Stuart Besser, played by Liev Schreiber, discovers a way to travel through time. He finds a “tear in the fabric of time” that one can travel through by jumping off the Brooklyn Bridge at specific pre-determined intervals of time.
Leopold only ends up traveling through time because he spots Stuart, oddly out of place in 1876, snooping through his papers. Immediately suspicious, Leopold chases Stuart to the top of the Brooklyn Bridge, and quite by accident, chases him right into the year 2001.
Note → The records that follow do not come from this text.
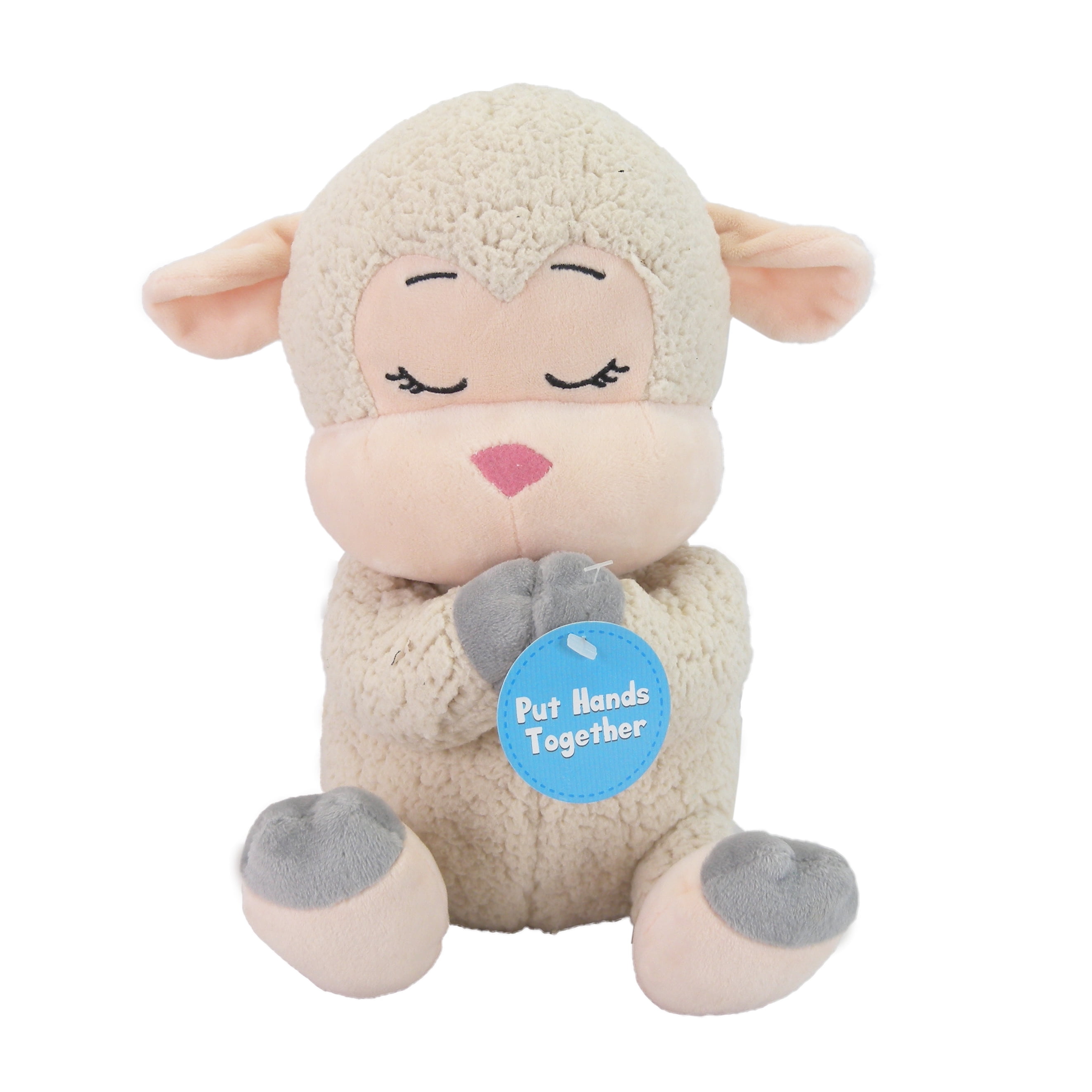 praying lamb stuffed animal
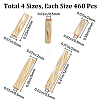 1840Pcs 4 Style Glass Twisted Bugle Beads SEED-CN0001-43A-2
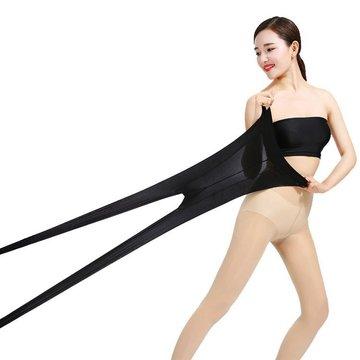 Summer-lined stretch thin-strap silk pantyhose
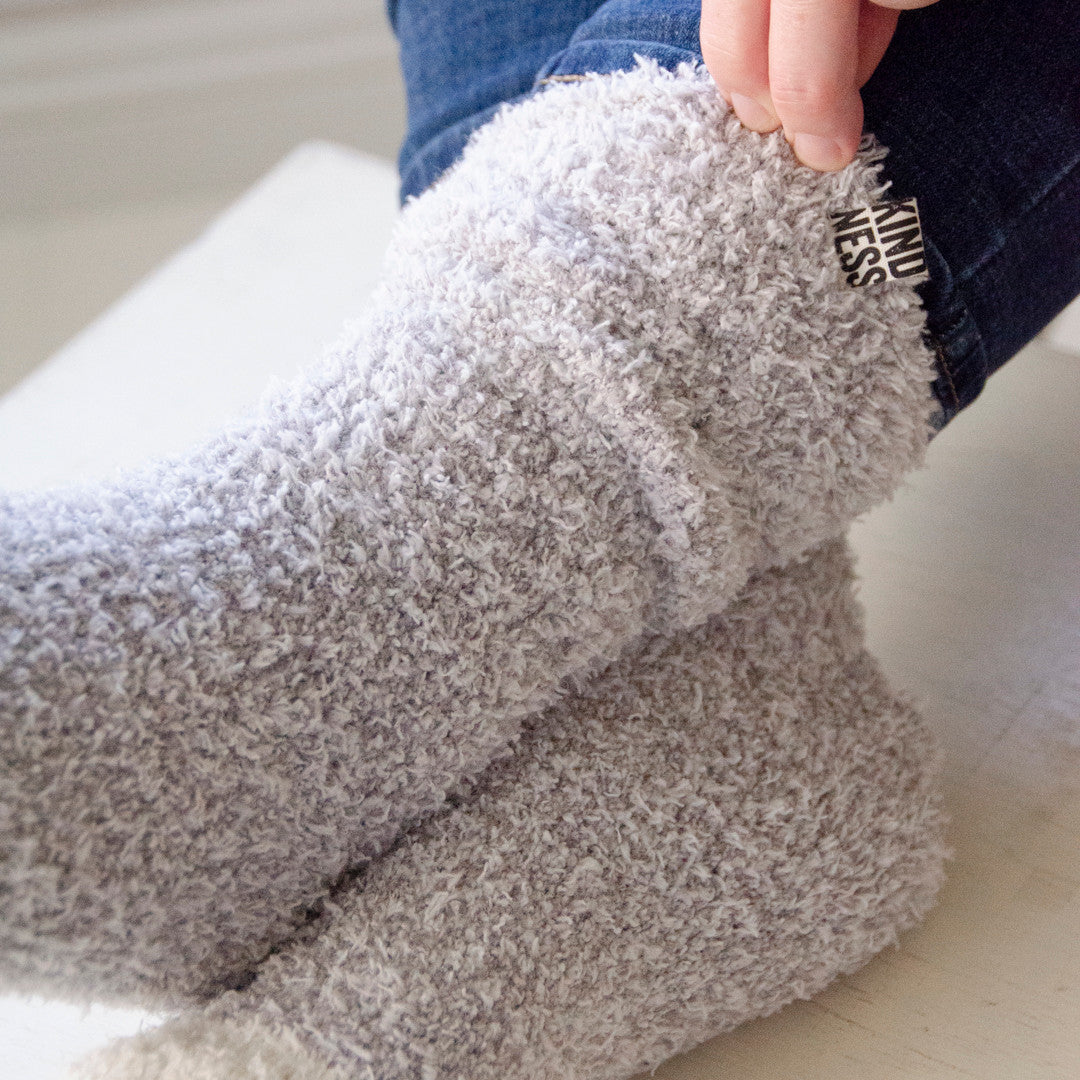 Kindness Socks - Smoke and Sand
Sounds fantastical, doesn’t it? Of course, it is. Yet, time travel is a concept that has captured the imaginations of generation after generation. It is something that is impossible for us, and yet we keep right on dreaming about it. Books have been written and films made on the delightful, and sometimes frightful, prospect of time travel. What would it feel like, and how would we react? From H. G. Wells’ “The Time Machine” to Robert Zemeckis’ “Back to the Future” the concept has fully captured our imaginations.
Much to my surprise, I found not everyone agrees that time travel is merely a flight of the imagination. In fact, at www.timetravelfund.com you can purchase a ticket into the future. Yes, for just $10 (with compounded interest for the next 500 years) they promise to zap you into the future before you die, or possibly even raise you from the dead once the technology is developed, of course.
All this begs the question, why has the whole idea of time travel so thoroughly captured our imaginations?
Because God has set eternity in the hearts of men.
“He has made everything beautiful in its time.
He has also set eternity in the hearts of men;
yet they cannot fathom what God has done from beginning to end.”
Ecclesiastes 3:11
We’ve all wondered what it would be like to be able to transcend time.
Jesus actually can, and does.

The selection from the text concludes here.